Desjardins

Le meilleur ennemi

Le monde des médias est peut-être sans pitié. Il est aussi parfaitement amoral.

À titre d'exemple, prenez l'ahurissante rentrée radio de cet automne à Québec.

Avec l'hécatombe annoncée par le renvoi d'à peu près tout ce qui ronchonnait sur les ondes de CJMF, les performances pour le moins ordinaires de Mario Grenier à CHIK, l'échec de Josey Arsenault à CHRC et le retrait de CHOI – qui ne se fera vraisemblablement pas avant un bon moment, s'il survient jamais -, la plupart des suppositions et prédictions paraissaient bonnes.

On les a d'ailleurs toutes entendues depuis les coulisses, tout au long de l'été: Arthur serait de retour au 93, Parent retournerait à CHIK, Gillet irait à CFOM, etc.

Au diable les querelles, les renvois, les procès médiatisés et les poursuites. Depuis des semaines, le milieu de la radio grouille de suppositions, toutes plus farfelues les unes que les autres, mais qui semblent presque toutes plausibles malgré leur apparente improbabilité.

La dernière en lice, depuis qu'on sait finalement que CHOI profitera d'un sursis: Robert Gillet reprendrait la barre de son émission matinale à la station qui a coulé avec lui, le FM 93. Une rumeur tellement forte dans ce cas-ci qu'on la jouait même en page frontispice du Journal de Québec, mardi dernier.

Si la nouvelle n'était pas encore confirmée au moment d'écrire ces lignes – nous avons contacté Steve Hayes, directeur de la programmation, qui a refusé de commenter ce qu'il qualifie de rumeur -, et bien qu'on puisse douter de la crédibilité de son auteur, qui a la fâcheuse tendance de ressusciter les morts, l'article a généré de vives réactions.

"Je ne peux pas croire, comment peuvent-ils l'engager s'il a été trouvé coupable?" se sont demandé certains en apprenant la "nouvelle". "Et qui va vouloir acheter de la pub?" ont-ils ajouté du même souffle.

En réponse à la première question: Ils n'ont plus rien à perdre.

À la seconde: Tout le monde.

Et à cela, j'ajouterais: bande de naïfs, va!

Car si la radio est amorale, imaginez le milieu de la publicité.

Les commanditaires se contrefichent de ce qui se dit, ou de qui le dit en ondes, du moment qu'il y a un auditoire à la clé.

Donnez-leur de la cote d'écoute et ils vous donneront leur fric. Point à la ligne. Et de la cote d'écoute, Gillet risque d'en avoir s'il revient, que ce soit au FM 93 ou ailleurs. Car le public est au moins aussi voyeur que la radio privée et la publicité sont dépourvues de valeurs autres que le fric.

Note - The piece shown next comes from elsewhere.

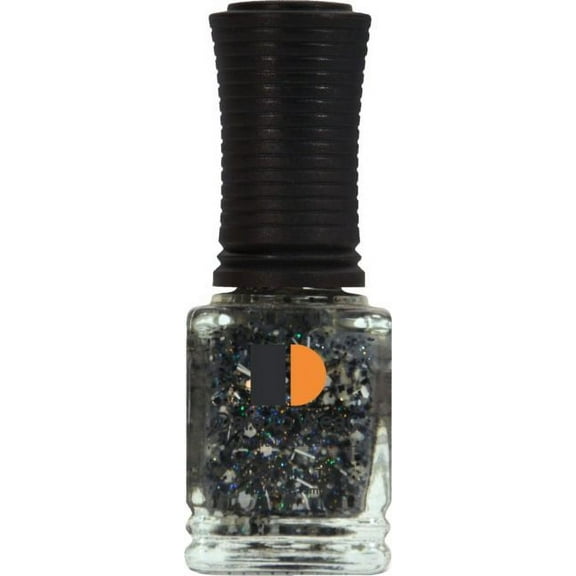 LECHAT Manicure Pedicure Nail Polish Glitters - Black Tie Affair #DW138 - 0.5oz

D'ailleurs, imaginez, s'il revient, le nombre de personnes qui syntoniseront la station pour son premier matin en ondes. Ne serait-ce que pour entendre la première phrase, pour partager le malaise, pour se dire: "Crisse, il a du front", sans même faire de joke plate.

Ce qui m'amène tout de même à me demander dans quelle sorte de climat Gillet reviendrait. Car rien ne serait plus comme avant. Finies les jokes de cul qui étaient légion dans son ancien show. Finis les appels pris en ondes, de peur que quelqu'un en profite pour le traiter de salaud. Finies les pubs live pour annoncer des voyages en Thaïlande et à Prague.

Et surtout, finie l'extraordinaire assurance dont disposait Gillet et qui faisait de son show, nonobstant tout ce qu'on peut penser de ses actes, une émission de radio informative et divertissante au possible.

Aussi, il faudrait peut-être penser à renommer l'émission qu'il animerait: la précédente portait le nom de La Bande à Gillet…

Mais malgré toutes nos réticences, et que cette rumeur de retour en grâce soit fondée ou non, il appert, selon le courrier d'un célèbre lecteur d'un quotidien de Québec, qu'il faille donner sa chance au coureur. En effet, "je répète depuis des mois que son talent force son retour et qu'il faut laisser les auditeurs décider de sa place à l'antenne", affirme son auteur.

Et de qui s'agit-il?

De nul autre que son meilleur ennemi: André Arthur.